Maybe it's even possible that $G$ and $H$ don't have to be isomorphic? I'm looking either for a counterexample or a proof.

• Maybe the objects with a free $G$-action ($X^G = \emptyset$) have $G$ as sufficiently close to an initial object to identify the object of $G$ with left multiplication? And then, the forgetful functor is represented by $G$? Feb 22 '18 at 21:21
• Not a full answer - but the center of $G$ is isomorphic to the automorphism group of the functor $\operatorname{id}_{G-\mathbf{Set}}$. Feb 22 '18 at 21:51
• Maybe this old post can help... math.stackexchange.com/questions/1375309/… Beppe. Apr 20 '18 at 12:51
• Maybe this old post can help... math.stackexchange.com/questions/1375309/… Apr 20 '18 at 12:52

The empty $G$-set is the initial object.

The coproduct of $G$-sets is the disjoint union.

Call a $G$-set “indecomposable” if it is not the coproduct of two non-empty $G$-sets, so an indecomposable $G$-set is just a transitive one.

An epimorphism of $G$-sets is just a surjective map of $G$-sets.

Up to isomorphism, there is a unique transitive $G$-set with an epimorphism to every other transitive $G$-set, namely the regular $G$-set, whose automorphism group is $G$.

So $G$ can be recovered from the category of $G$-sets.

• Or, to follow up on my comment above - $G$ with left multiplication should be the unique (up to isomorphism) object $X$ with $X^G$ initial but $X$ not initial, and which is not decomposable into a coproduct of two such objects. Feb 22 '18 at 22:13
• For a bit more detail, this blog post has a great write up of what Jeremy Rickard described: qchu.wordpress.com/2013/04/01/… Oct 8 '19 at 14:47

You can also invoke the following theorem :

Two categories have equivalent categories of presheaves if and only if they have equivalent Cauchy completion.

Then remark that a group (seen as a category with one object) is Cauchy complete : its only idempotent is the neutral, which is obviously spit.

• More specifically and more concretely, in the case of groups, this recovers $G$ as the full subcategory consisting of the only irreducible projective object.
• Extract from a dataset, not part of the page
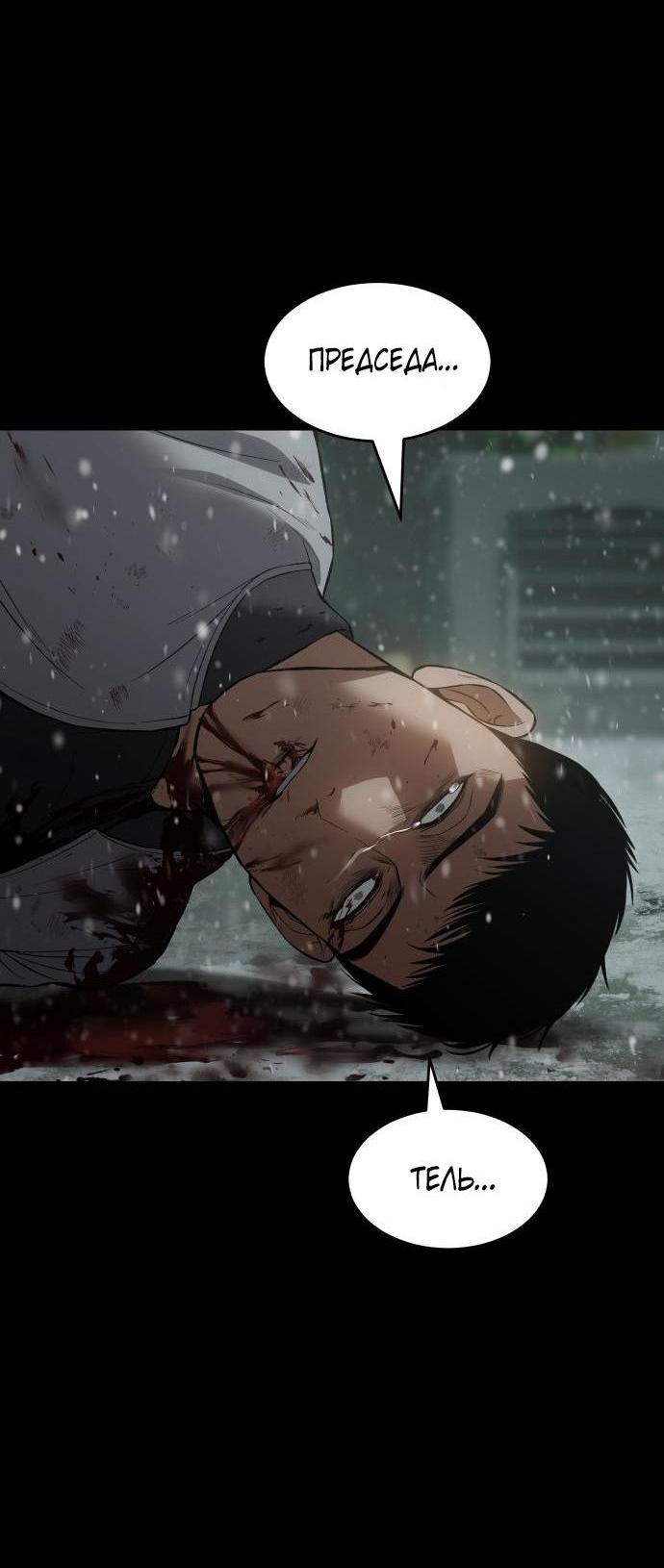 Манга Пэк XX - Глава 71 Страница 49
Feb 26 at 17:52

I think you already know this, but for the sake of completeness let me show how to prove the claim using your categorical approach.

For any category $$\mathcal C$$ equivalent to the category of left $$G$$-sets for some group $$G$$ we can reconstruct the forgetful functor up to noncanonical natural isomorphism:

The forgetful functor $$F : G\text{-}\mathbf{Set} \to \mathbf{Set}$$ is naturally isomorphic to $$\mathrm{Hom}_{\mathbf{Set}}(\{*\}, F(-))$$. It has a left adjoint given by the free $$G$$-set, that is the disjoint union $$Fr(X) := \coprod_{x \in X} G$$, where $$G$$ denotes the regular $$G$$-set. This shows, that $$F \cong \mathrm{Hom}_{G\text{-}\mathbf{Set}}(G, -)$$.

As Rickard explained the regular $$G$$-set is up to non-unique isomorphism characterized as the object, that admits an epimorphism to every connected nonempty $$G$$-set. Now take such an object $$X$$. The functor $$\mathrm{Hom}_{\mathcal C}(X,-) : \mathcal C \to \mathbf{Set}$$ is after composition with the equivalence $$\mathcal C \simeq G\text{-}\mathbf{Set}$$ naturally isomorphic to the forgetful functor.

Yoneda gives a canonical isomorphism $$\mathrm{End}(F) \cong \mathrm{Hom}_{G\text{-}\mathbf{Set}}(G,G) \cong G$$ So altogether we have a non-canonical isomorphism $$\mathrm{End}(\mathrm{Hom}_{\mathcal C}(X,-)) \cong G$$.